(Task requirements): Please give every line below again exactly, but not its pictures.

Brief descriptive captions:
◇ ◇ ◇ ◇ ◇ ◇ ◇

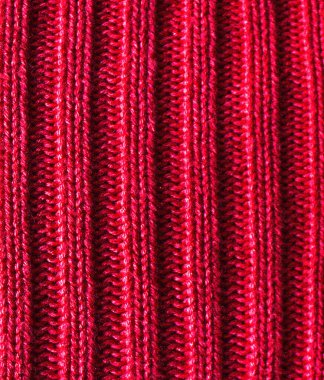 Arka fon olarak kırmızı örülmüş doku. Yakından çekilmiş, el örgüsü, canlı kırmızı. Grafik duvar kağıdı için desenli arkaplan kavramı. Sapı kopyala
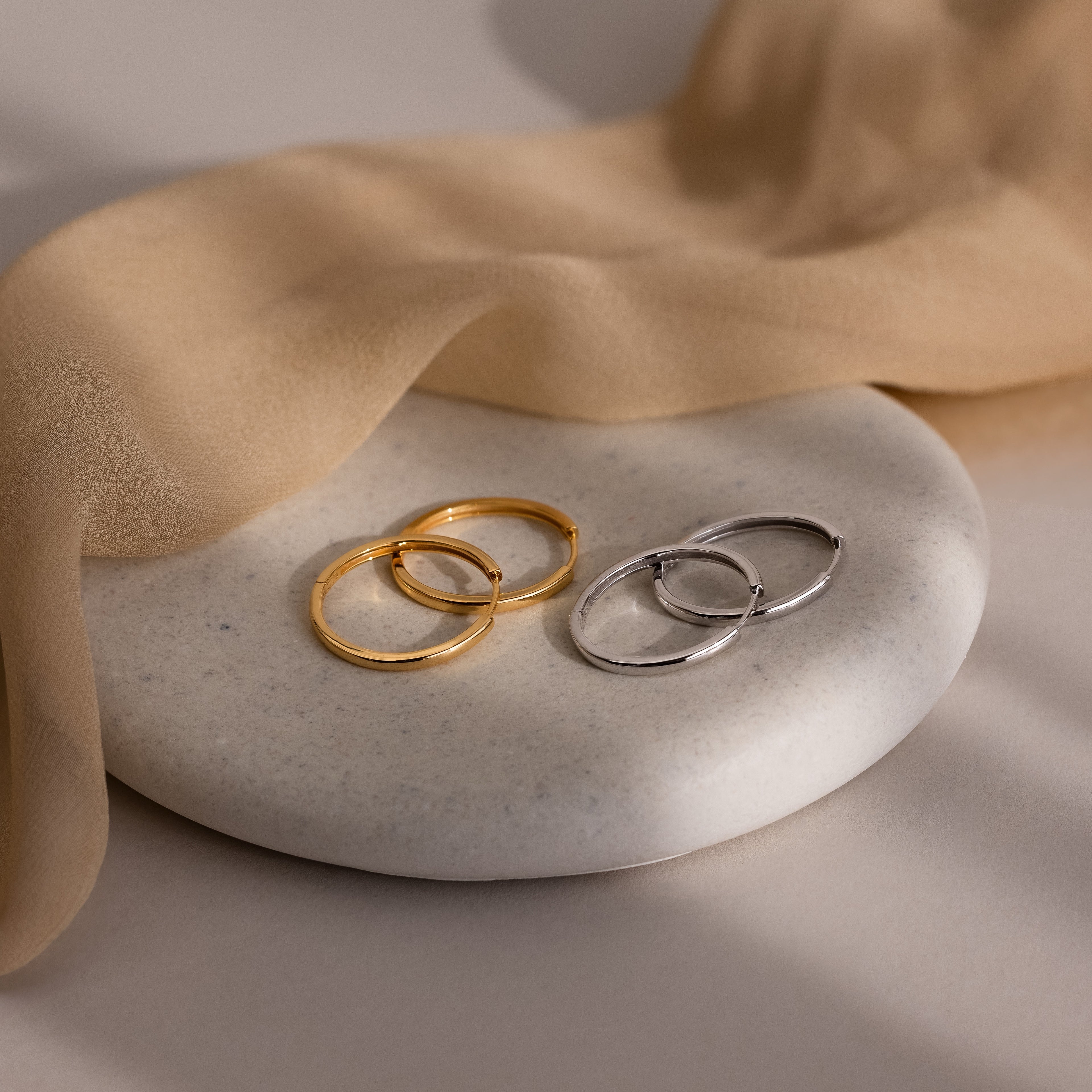 Two pairs of gold and silver hoop earrings on a stone surface with beige fabric.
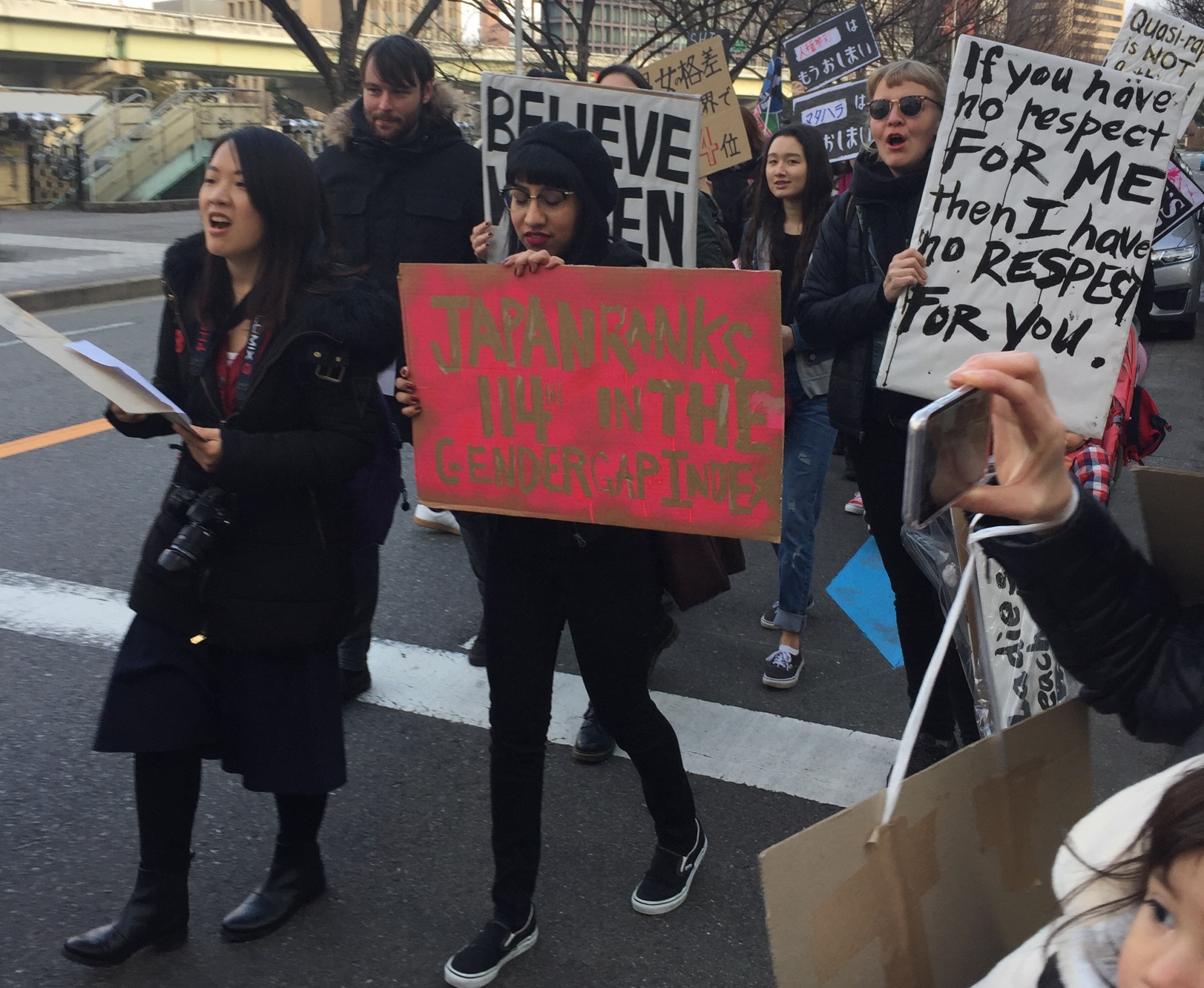 People march against U.S. President Donald Trump in Osaka on Saturday. | ERIC JOHNSTON
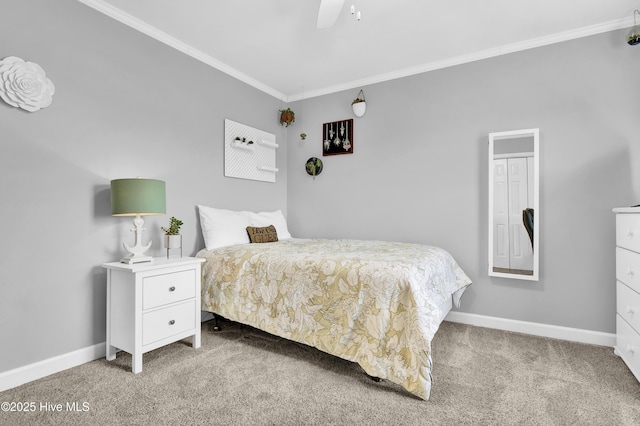 carpeted bedroom featuring crown molding and ceiling fan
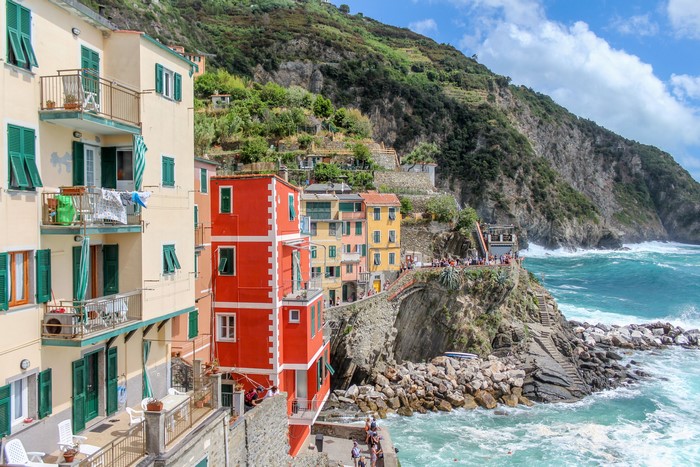 Colorful houses on a cliffside in Riomaggiore, Italy with waves crashing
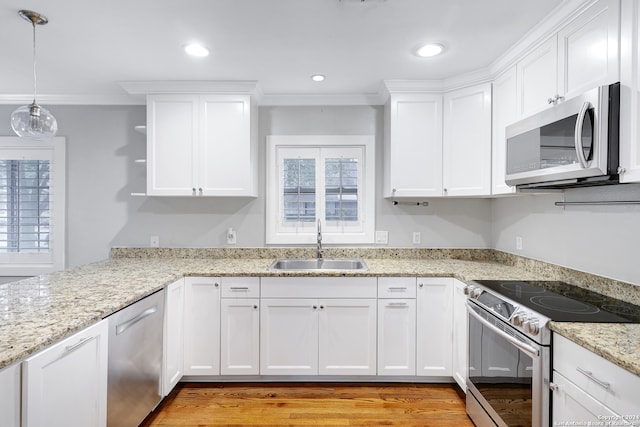 kitchen featuring appliances with stainless steel finishes, white cabinetry, pendant lighting, and sink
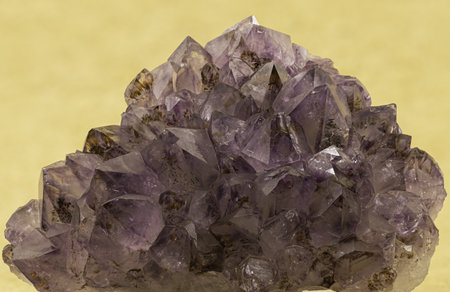 Exquisite amethyst crystal cluster showcased against a yellow backdrop, capturing the gem's rich purple hues and natural geometric facetsの写真素材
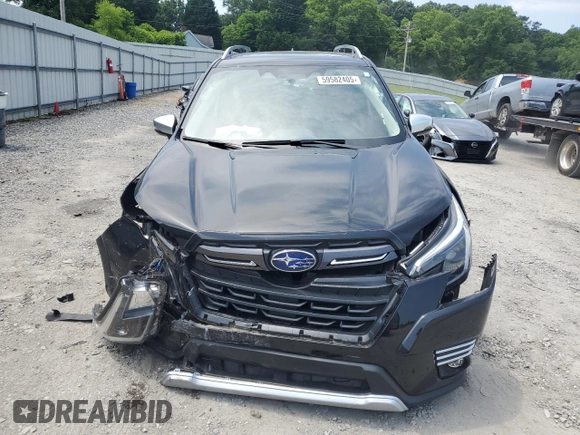 2024 Subaru Forester Touring with VIN JF2SKAMC4RH474711, listed as a Copart auction lot 59582405 with 5,373 mi miles and Salvage title. Bid and sale history available at DreamBid. Image 5.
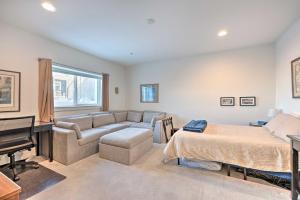 a bedroom with a bed and a couch and a piano at Modern Townhome, Day Trip to Colorado Ski Resorts! in Louisville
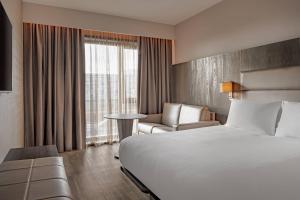 a hotel room with a bed and a chair and a window at AC Hotel by Marriott Manchester City Centre in Manchester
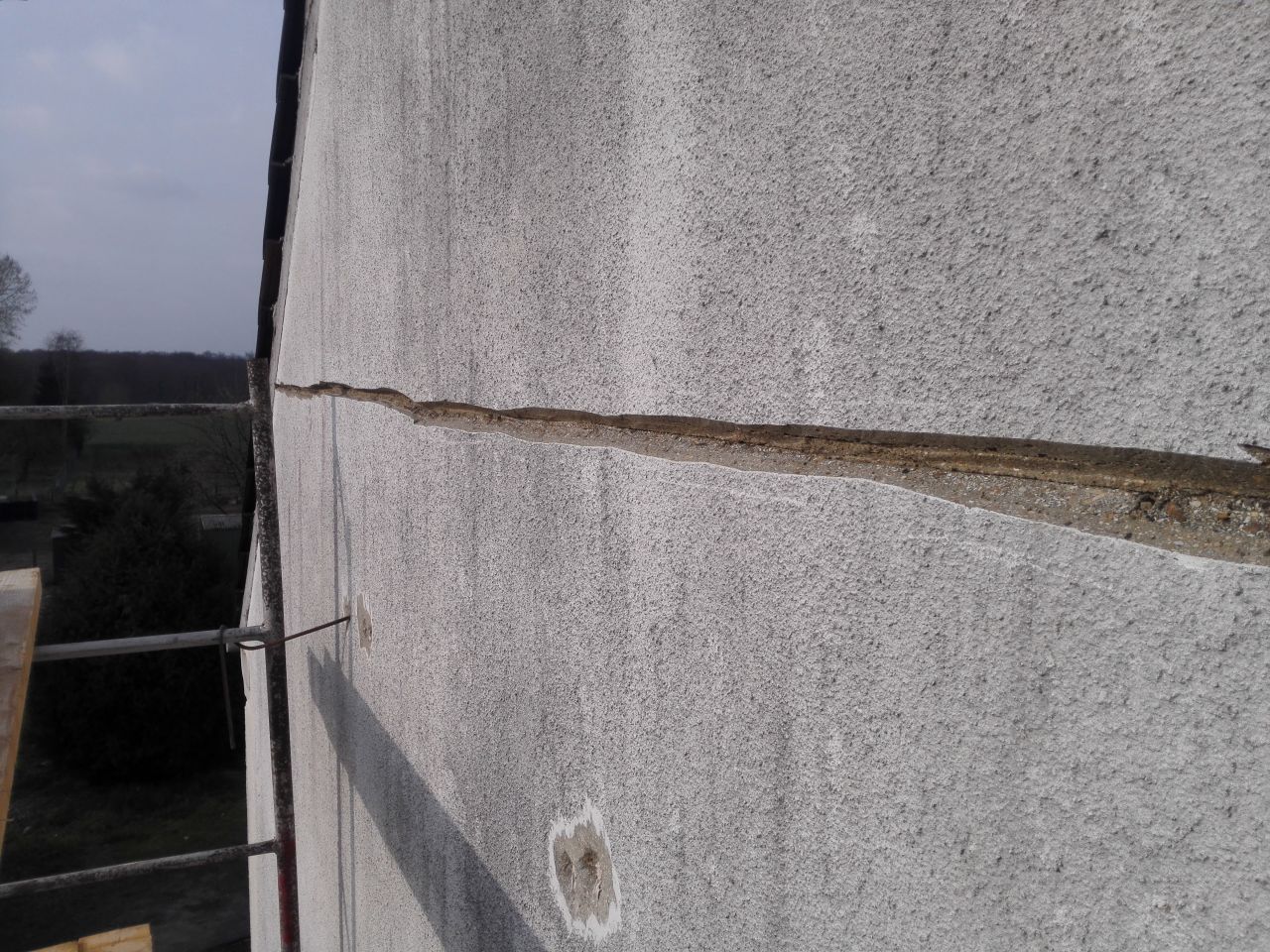Fissures sur pignon Ouest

◇ ◇ ◇ ◇ ◇ ◇ ◇

(Task solution):
 Arka fon olarak kırmızı örülmüş doku. Yakından çekilmiş, el örgüsü, canlı kırmızı. Grafik duvar kağıdı için desenli arkaplan kavramı. Sapı kopyala
 Two pairs of gold and silver hoop earrings on a stone surface with beige fabric.
 People march against U.S. President Donald Trump in Osaka on Saturday. | ERIC JOHNSTON
 carpeted bedroom featuring crown molding and ceiling fan
 Colorful houses on a cliffside in Riomaggiore, Italy with waves crashing
 kitchen featuring appliances with stainless steel finishes, white cabinetry, pendant lighting, and sink
 Exquisite amethyst crystal cluster showcased against a yellow backdrop, capturing the gem's rich purple hues and natural geometric facetsの写真素材
 2024 Subaru Forester Touring with VIN JF2SKAMC4RH474711, listed as a Copart auction lot 59582405 with 5,373 mi miles and Salvage title. Bid and sale history available at DreamBid. Image 5.
 a bedroom with a bed and a couch and a piano at Modern Townhome, Day Trip to Colorado Ski Resorts! in Louisville
 a hotel room with a bed and a chair and a window at AC Hotel by Marriott Manchester City Centre in Manchester
Fissures sur pignon Ouest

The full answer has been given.